The Supply and Demand of War

Roy Scranton’s War Porn and the contradictory truths of war narratives

For those hoping Roy Scranton’s new novel War Porn might be a quick beach read to round out the summer reading list, a serious warning is in order: “Abandon all hope, ye who enter here.” Like Dante and Virgil before that, Roy Scranton writes to show you his vision of hell. Hell is a terrifying place, and any accurate description will — by necessity — disturb and frighten. Perhaps it’s no surprise then that Roy Scranton’s novel War Porn took nearly a decade to see the light of day, with years going by in which Scranton couldn’t get an agent to read it.
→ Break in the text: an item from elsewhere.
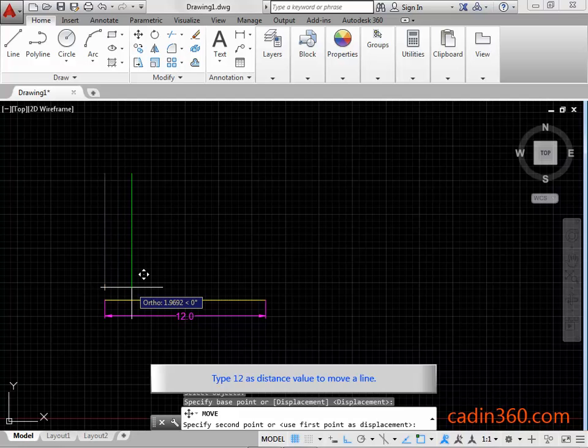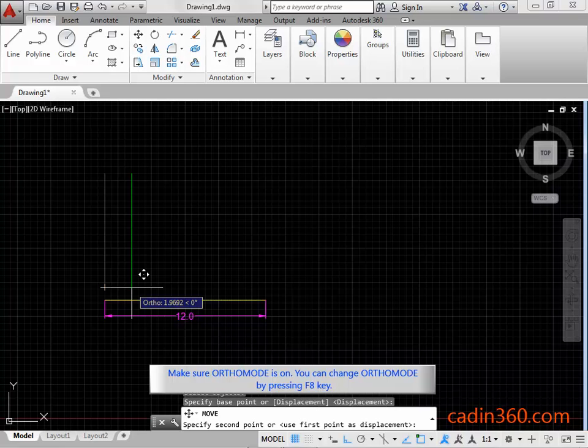Type 12 as distance value to move a line. Make sure ortho mode is on. You can change ortho mode by pressing F8 key.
Scranton spent a short stint in the US Army as a junior enlisted troop, doing a lone deployment to Iraq in the relatively early days of the war. It was during his time in service that Scranton began writing War Porn. After Scranton left the Army, he finished his undergrad and a master’s degree before going to Princeton for his PhD. Among a long list of other accomplishments, he co-edited the short story collection Fire and Forget with veteran-author Matt Gallagher and authored the book Learning to Die in the Anthropocene: Reflections on the End of a Civilization. Throughout the journey, he refused to give up on his novel manuscript. Scranton’s vision and perseverance finally paid off. The novel is now available from Soho Press.

“[War Porn raises] interesting questions about the nature of those who demand and those who supply.”
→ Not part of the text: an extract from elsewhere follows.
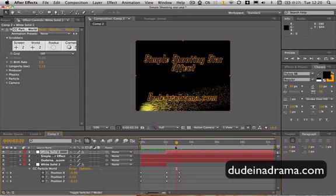I've been Adam from DoonandDrama.com and I've just shown you how to make a simple star effect in After Effects.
War Porn tells a broad story of our conflict in Iraq through a narrow political lens by connecting three seemingly disparate threads. Scranton’s connections between the storylines are tight and significant, making the overall plotting of the novel a compelling and veritable achievement. War Porn doesn’t break any new ground with its political statements or in bringing war’s ugliness to light, but it does raise interesting questions about the nature of those who demand and those who supply; those who watch, and those who put on the show.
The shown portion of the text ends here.